El lugar que ocupaban Deborah y Kendra en aquel puzle eran innegables. Ruth deseaba saber dónde encontrar a Sarah Foshtomi. En cierto modo, Foshtomi la había salvado al provocar el accidente que la había infectado. Tal vez la joven hubiese tenido también un papel decisivo a la hora de ayudar a Cam. Ruth esperaba que así fuera. Como tantas otras personas, Foshtomi había desaparecido. Probablemente estuviese muerta, pero su vida había marcado una diferencia.

Ruth jamás habría imaginado una nueva plaga mental de no haber habido otra guerra, y sin la guerra, no habría poseído aquella tecnología de nueva generación. ¿Y si ése era el motivo por el que seguía viva?

No había sido fiel a las responsabilidades que conllevaba su formación.

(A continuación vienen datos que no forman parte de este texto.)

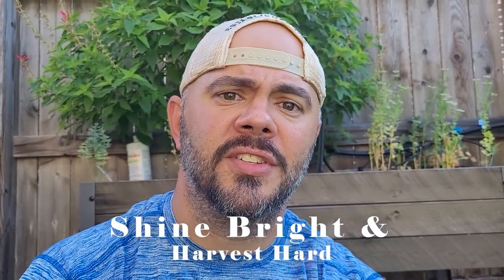If you enjoyed this video, do me a favor and hit the like button. Share the video with someone who might want ideas about what to grow in summertime. I hope this was educational and at least gave you some ideas of what to grow in summer and how to start preparing for fall. With that being said everyone, shine bright and harvest hard — bye!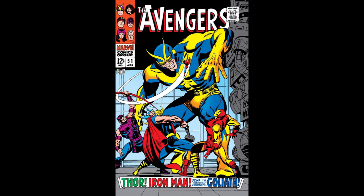This week, we are taking a look at Avengers number 51, In the Clutches of The Collector. This week's issue is written by Roy Thomas, pencils by John Buscema, inks by George Tuska, letters by Sam Rosen, and it comes to us in April of 1968.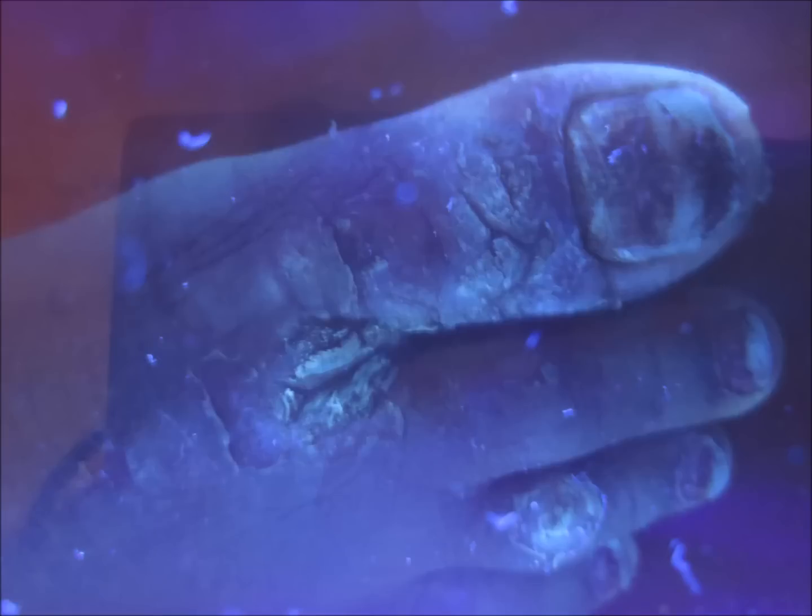Under UV light, you can see the thickened skin — actually it's the dead skin — which is looking whitish under UV light. This is how it looks. Some of the reason for it appearing light green under UV light is that the green color is not being recorded by the camera; the camera is showing it as white.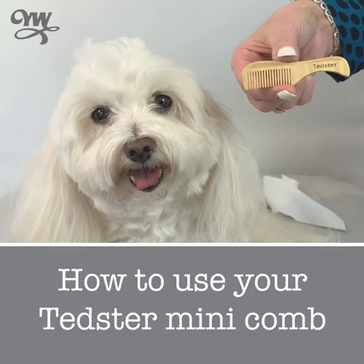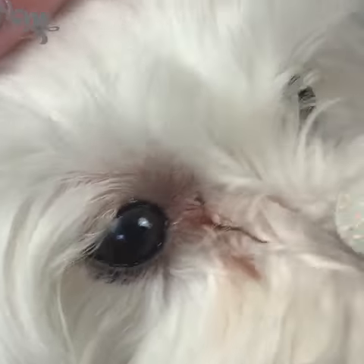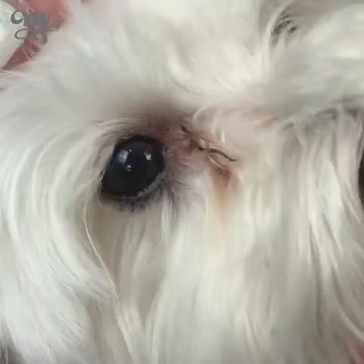How to use your Tedster mini comb. It's really very simple. See those bits of gunk? They'll be gone in a second. And here's how.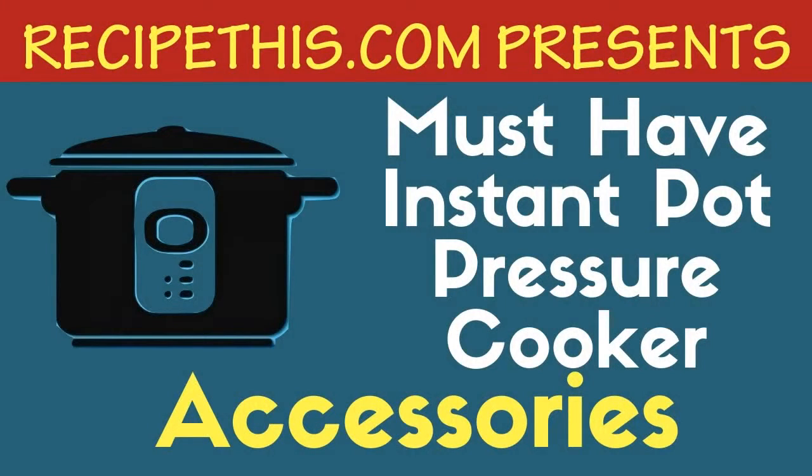Hello, this is Samantha at recipethis.com and today I would like to talk to you about the Instant Pot accessories that I have, especially the must-have accessories. We've owned an Instant Pot since November of 2016 and we love using it for quick family meals, but there are certain accessories that you need to enable Instant Pot cooking to be easy and hassle-free, so let me run through them with you.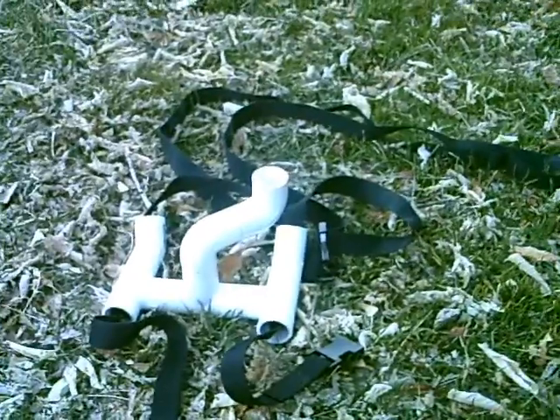Voila. So, that's my tree pod. If you think of any other ways to use the camera mount or the tree pod, just leave me a message and let me know, because I would like to know. Okay, bye!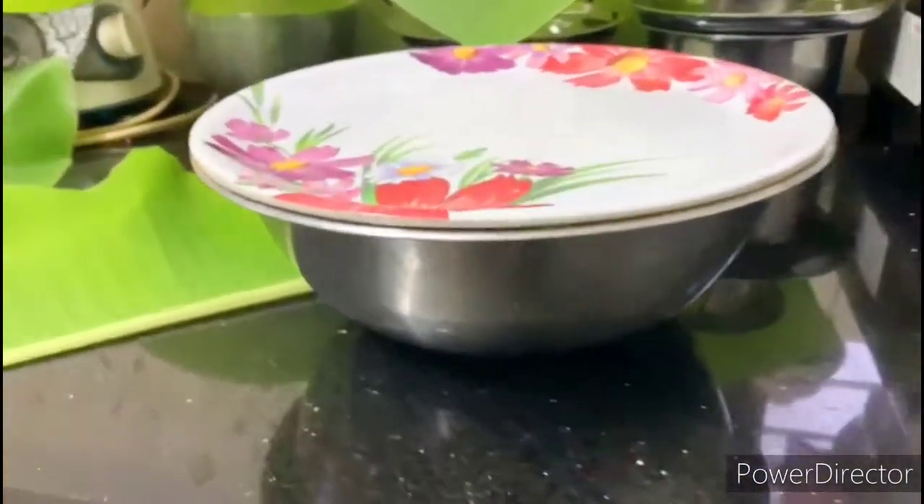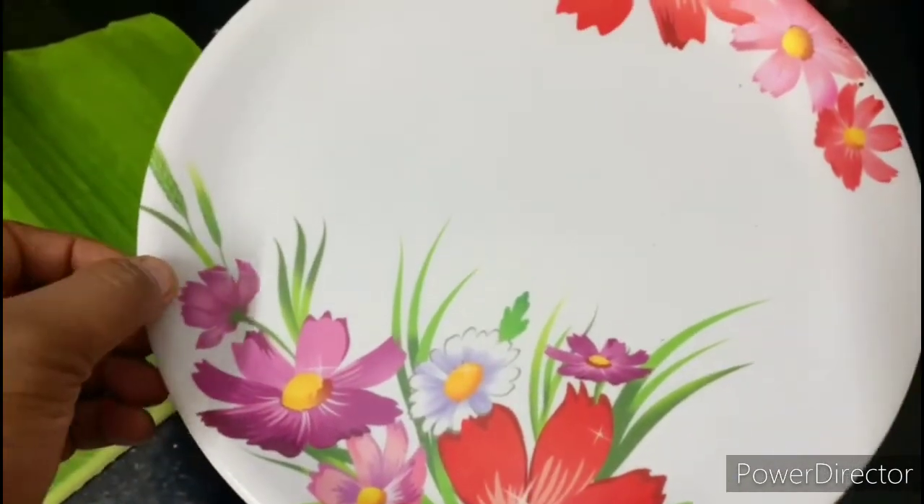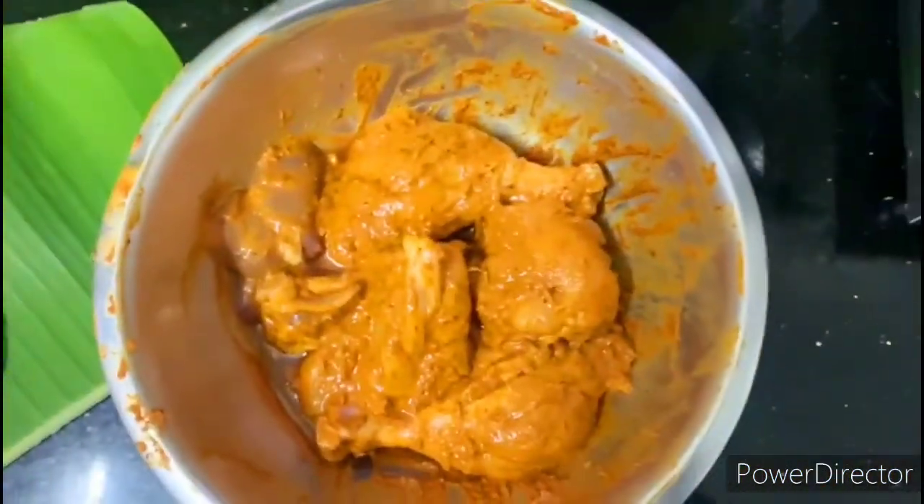Now we are making the masala. Once you have made the masala, I will add the masala ingredients: phallipodi, manjal, garam masala, ginger garlic paste, lemon juice, curd, and salt.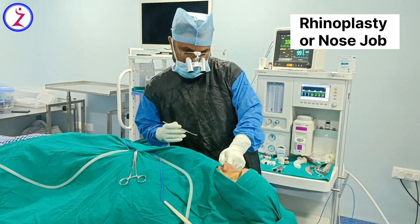After that, we will assess the alar width. Once everything is done, we will also reduce the alar width a little bit to give a perfect nostril shape. So we are doing an open rhinoplasty today.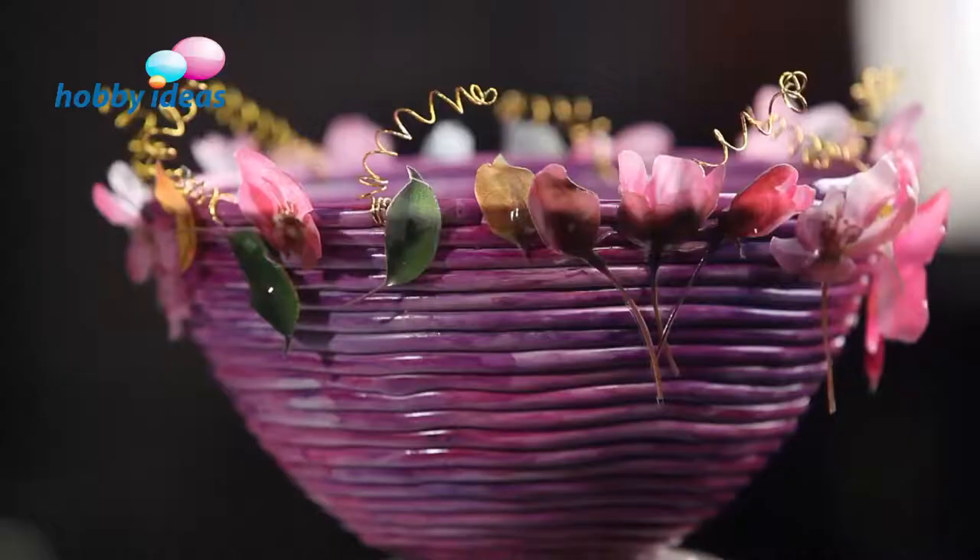Hello everyone, I am Priya from Hobby Ideas. I am going to share a craft idea on how to make a Shilpakar bowl and decorate it further using volume decoupage flowers. These bowls you can use for tabletop decoration, or you can keep a tea light inside, or you can do some dry flower arrangement. So let's see how we do it.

Ahora tenía otra oportunidad, y herramientas todavía mejores en su poder. La plaga mental de Freedman ofrecía una interesante posibilidad. Ruth no tenía la menor duda de que algunas personas se opondrían a hacerles a los chinos exactamente lo mismo que ellos habían planeado hacerles a ellos: convertir a sus enemigos en peones y esclavos. Había una opción mejor.